# Don't buy that book.



## maghanish2

Hello everyone!  你好!

I am very confused with forming imperative commands in Chinese.  I have heard three different forms:

不要, 毋, 別 are the different ones that I have heard of.  And then I think I have also seen simply 不.  Are all correct or do they have different meanings (is one polite, maybe?)?

For the sentence I want to translate, what would be the best way to do it?

My try is:

毋/不要/別買那本書.

I am still confused so thanks for the help!

謝謝!


----------



## chocomousse

Hi Maghanish, 

As you said they are synonymous.

不要 & 別 are interchangeable, and they are both used in oral and written Chinese.
毋, and 勿（the same pronunciation as 毋) are usually used in formal written Chinese, especially in historic literature.

For your second question:
you could either say 不要買那本書，or 別買那本書 both in speech and your essay, but 毋買那本書sound a little bit weird for me, because it doen't sound like contemporary Chinese.

hope this would be helpful.


----------



## Jamison

I agree with chocomousse's opinion.
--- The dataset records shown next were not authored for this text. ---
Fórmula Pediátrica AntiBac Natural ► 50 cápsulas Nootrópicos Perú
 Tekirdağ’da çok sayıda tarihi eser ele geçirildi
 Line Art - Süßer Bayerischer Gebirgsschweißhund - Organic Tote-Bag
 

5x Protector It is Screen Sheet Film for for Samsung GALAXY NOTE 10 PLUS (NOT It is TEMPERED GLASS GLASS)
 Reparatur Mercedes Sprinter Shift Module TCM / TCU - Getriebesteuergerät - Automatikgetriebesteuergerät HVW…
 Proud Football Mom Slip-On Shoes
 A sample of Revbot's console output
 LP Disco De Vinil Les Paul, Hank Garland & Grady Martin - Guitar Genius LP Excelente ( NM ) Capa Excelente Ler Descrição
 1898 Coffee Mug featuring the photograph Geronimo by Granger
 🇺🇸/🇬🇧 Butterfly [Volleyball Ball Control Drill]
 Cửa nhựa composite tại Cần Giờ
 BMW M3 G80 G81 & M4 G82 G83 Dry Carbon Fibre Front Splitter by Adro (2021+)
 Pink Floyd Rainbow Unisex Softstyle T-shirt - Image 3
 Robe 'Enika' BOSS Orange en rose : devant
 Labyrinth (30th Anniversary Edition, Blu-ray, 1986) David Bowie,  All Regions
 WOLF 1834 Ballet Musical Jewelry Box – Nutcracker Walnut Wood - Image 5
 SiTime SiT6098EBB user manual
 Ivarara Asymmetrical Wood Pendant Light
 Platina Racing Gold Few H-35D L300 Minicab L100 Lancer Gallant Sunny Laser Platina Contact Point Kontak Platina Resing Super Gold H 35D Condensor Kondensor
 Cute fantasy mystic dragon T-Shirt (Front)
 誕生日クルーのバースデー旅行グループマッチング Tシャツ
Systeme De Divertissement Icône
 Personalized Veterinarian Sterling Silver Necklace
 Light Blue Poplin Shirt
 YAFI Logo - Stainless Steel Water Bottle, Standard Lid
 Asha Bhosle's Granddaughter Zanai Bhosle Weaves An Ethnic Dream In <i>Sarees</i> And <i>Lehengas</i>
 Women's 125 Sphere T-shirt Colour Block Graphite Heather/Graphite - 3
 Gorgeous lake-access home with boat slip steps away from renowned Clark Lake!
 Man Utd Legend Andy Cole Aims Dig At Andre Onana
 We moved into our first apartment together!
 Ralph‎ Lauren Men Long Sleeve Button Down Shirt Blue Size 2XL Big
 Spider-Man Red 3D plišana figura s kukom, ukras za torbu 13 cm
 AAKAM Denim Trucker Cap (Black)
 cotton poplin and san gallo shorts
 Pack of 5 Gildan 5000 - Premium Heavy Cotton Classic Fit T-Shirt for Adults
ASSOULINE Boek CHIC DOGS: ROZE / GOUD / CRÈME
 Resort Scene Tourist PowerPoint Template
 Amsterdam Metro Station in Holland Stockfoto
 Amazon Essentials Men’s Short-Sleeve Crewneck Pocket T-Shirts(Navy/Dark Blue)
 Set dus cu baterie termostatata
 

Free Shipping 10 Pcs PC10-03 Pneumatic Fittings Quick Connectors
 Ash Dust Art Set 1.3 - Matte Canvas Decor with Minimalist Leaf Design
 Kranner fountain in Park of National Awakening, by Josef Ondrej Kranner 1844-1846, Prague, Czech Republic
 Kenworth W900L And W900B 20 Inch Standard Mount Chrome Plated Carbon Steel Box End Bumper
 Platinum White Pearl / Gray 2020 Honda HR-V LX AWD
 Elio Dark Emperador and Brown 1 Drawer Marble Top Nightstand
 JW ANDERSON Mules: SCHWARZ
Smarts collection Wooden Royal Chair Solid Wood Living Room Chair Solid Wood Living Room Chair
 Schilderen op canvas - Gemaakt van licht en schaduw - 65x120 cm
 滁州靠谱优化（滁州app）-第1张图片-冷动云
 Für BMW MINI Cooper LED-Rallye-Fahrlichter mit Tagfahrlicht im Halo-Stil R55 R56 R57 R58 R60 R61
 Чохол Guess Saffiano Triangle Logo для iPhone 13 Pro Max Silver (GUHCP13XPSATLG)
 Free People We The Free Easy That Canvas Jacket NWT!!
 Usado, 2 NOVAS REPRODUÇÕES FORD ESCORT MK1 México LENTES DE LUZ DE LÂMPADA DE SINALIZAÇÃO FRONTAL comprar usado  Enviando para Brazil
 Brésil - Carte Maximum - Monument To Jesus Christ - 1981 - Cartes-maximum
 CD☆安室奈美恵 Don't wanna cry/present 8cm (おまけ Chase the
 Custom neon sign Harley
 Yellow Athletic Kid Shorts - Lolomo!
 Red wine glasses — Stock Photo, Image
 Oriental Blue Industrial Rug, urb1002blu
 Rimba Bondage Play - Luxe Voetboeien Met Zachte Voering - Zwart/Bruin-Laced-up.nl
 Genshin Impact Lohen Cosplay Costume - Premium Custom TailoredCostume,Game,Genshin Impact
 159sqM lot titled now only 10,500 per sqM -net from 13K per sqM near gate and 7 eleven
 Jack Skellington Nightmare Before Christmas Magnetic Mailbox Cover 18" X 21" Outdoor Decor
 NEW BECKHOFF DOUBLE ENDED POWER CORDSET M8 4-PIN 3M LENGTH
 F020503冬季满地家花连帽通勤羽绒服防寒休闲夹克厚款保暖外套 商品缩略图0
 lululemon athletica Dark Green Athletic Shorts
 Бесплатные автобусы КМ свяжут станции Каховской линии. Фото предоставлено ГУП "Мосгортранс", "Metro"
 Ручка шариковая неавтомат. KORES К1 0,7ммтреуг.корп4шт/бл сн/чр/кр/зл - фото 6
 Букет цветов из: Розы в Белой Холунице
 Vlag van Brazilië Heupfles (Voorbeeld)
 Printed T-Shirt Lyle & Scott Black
In addition, 毋 is seldom used in China at present, just as he said, it is often used in ancient writings.

Wish it could help.


----------



## maghanish2

Thank you so much!

So 不要 and 別 are equally common, but 毋 is more formal or literary? 

And then what about simply 不and not 不要? Is that ever used?

I'm glad that there are so many people to help!

謝謝.


----------



## chocomousse

Hi Maghanish,

firstly, 毋 is more literary and rarely used in modern Chinese.

for your second question about 不 and 不要, (and 別）, they are quite similar in meaning, but if I put the word in the sentence you gave us, I think there might be some tiny differences.

If you say "我不買那本書",  what you concentrate on is *the course of action*, that means " I *won't *buy that book."

However if you say "*我不要*買那本書", it's more likely you try to say " I don't *intend to* buy that book."In other case, when you say "*你不要*買那本書*！”*, that means you try to prevent someone from buying the book. 

to add one more point, people rarely say "*我別*買那本書", because “別”is often used when you give suggestions (you don't give suggestions to yourself right?. if you say "別買那本書", it's sort of your suggestion, like " I don't recommend that book."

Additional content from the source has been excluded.